Without notice to me and without allowing me any opportunity to be heard, the Attorney General of Arkansas and Arkansas Supreme Court engaged in ex parte (meaning hearing from only one side) communications based on the Attorney General's motion to remove me from the case and vacate the TRO on April 17, 2017, before I could hold a hearing on the dispute scheduled for April 18, 2017. The interview with Amy Goodman and Juan Gonzalez focused on demands by some Arkansas politicians who have called for my impeachment and removal from the bench because of my Good Friday TRO ruling and my prayer vigil attendance. I am pasting the YouTube link to that interview for your information.
Do we truly have a democracy if judges are not free to hold and express beliefs about issues affecting our life together? Does faithfulness to religious conviction disqualify a judge from performing the duties of that office, let alone hold the office at all? Do we truly believe that judges cannot and will not follow the law when they disagree about the law they are sworn to uphold? How am I reacting to calls for my impeachment?I hope the interview provides information about my thinking on these and related questions.

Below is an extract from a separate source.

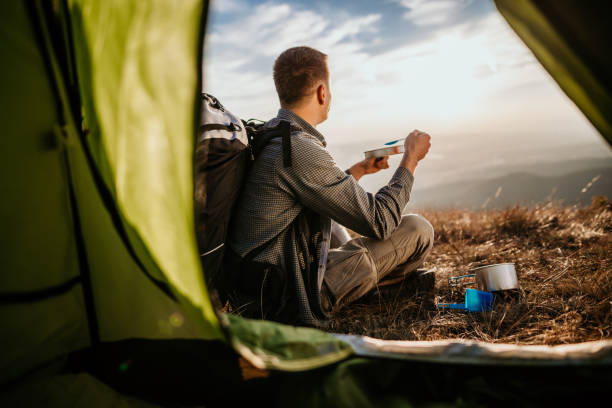 istock Hiking young man and lunch break 1055904018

And in a wonderful tribute to Wendell on the Broadside site of Beacon Press, the talented African-American writer Rashod Ollison, whom Wendell mentored as a young African-American man seeking to find his way in the world when Ollison attended Wendell's church in Little Rock years back, writes,
Seeing Griffen on Democracy Now! and the protest pictures of him strapped to a gurney in front of the Governor's mansion, I can't imagine the man I knew thirty years ago doing such a thing. He was much younger then, accomplished but still climbing in his career and had two young sons, now well-adjusted young men. But that "prophetic fire" still burns in him, crackling even more with age. He still stands firmly in what's morally sound, giving voice to the voiceless in Arkansas, including openly embracing the LGBTQ community, a bold stance for such a high profile black man in the conservative religious and legal circles of Arkansas. On the gurney several feet away from the governor’s front door, Griffen lay to stand in his truth, dignified in his defiance, motivated by love. That's the man I always knew.

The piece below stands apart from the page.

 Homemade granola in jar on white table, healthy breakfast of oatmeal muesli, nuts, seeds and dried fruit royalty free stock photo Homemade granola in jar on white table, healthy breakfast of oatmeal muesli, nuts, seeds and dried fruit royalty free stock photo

Since I met Wendell and his wife Patricia (to whom I have family ties, in that my aunt taught her English at Ouachita University when my uncle was the academic vice-president there), I have said — for some years now — that Wendell and Pat Griffen are among the very best things the state of Arkansas has going for it. Long after those who persistently attack Wendell because he is outspoken in defending his beliefs as an African-American leader have fallen to dust in their graves and are forgotten by historians — as they richly deserve to be — the contributions of the Griffens to the state of Arkansas will be remembered and celebrated.

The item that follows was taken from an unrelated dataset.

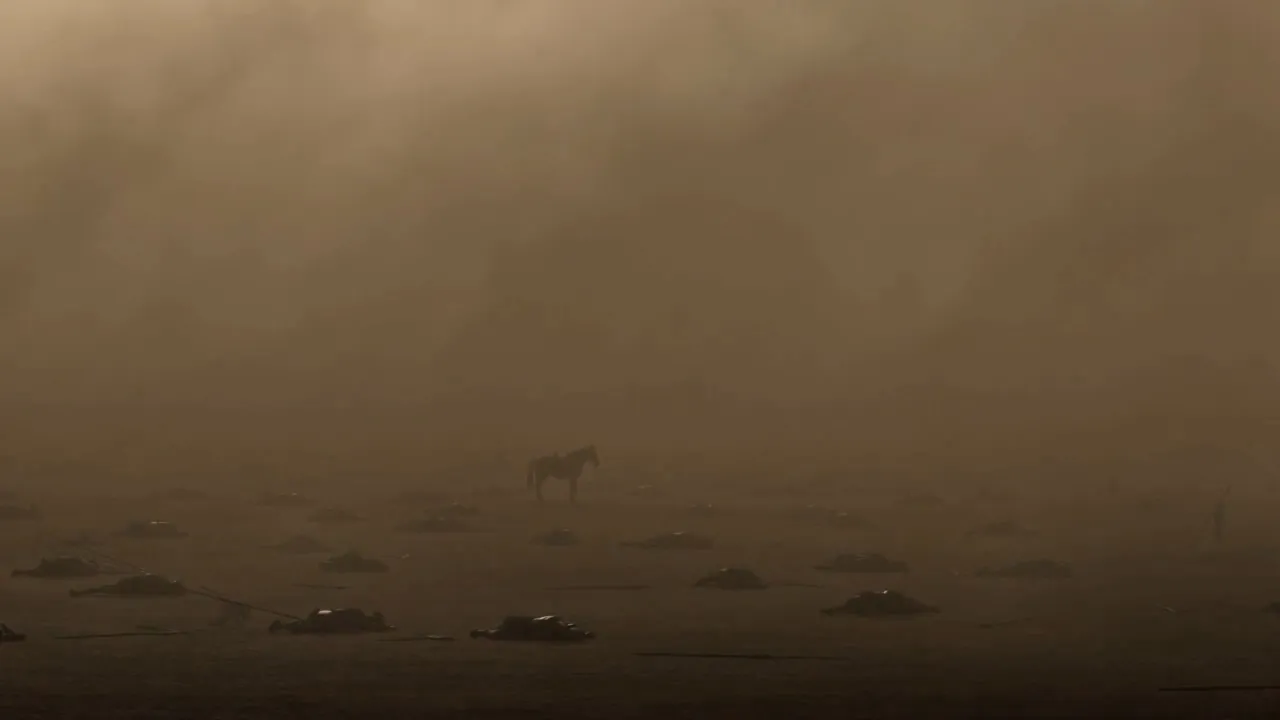 Mist drifts over the empty battlefield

As they richly deserve to be remembered and celebrated.
I'm writing this tribute on the day Wendell officiated at my marriage to Steve in the Pulaski County, Arkansas, courthouse in 2014 — an event I remember with deep gratitude. The story of what is being done to Wendell Griffen now in the state of Arkansas deserves national attention: it is a foretaste of what is now coming for many people of principle in our nation, if we allow the lawlessness and immmorality emanating from the very top of American government to continue to ripple down through state legislatures and governors' mansions.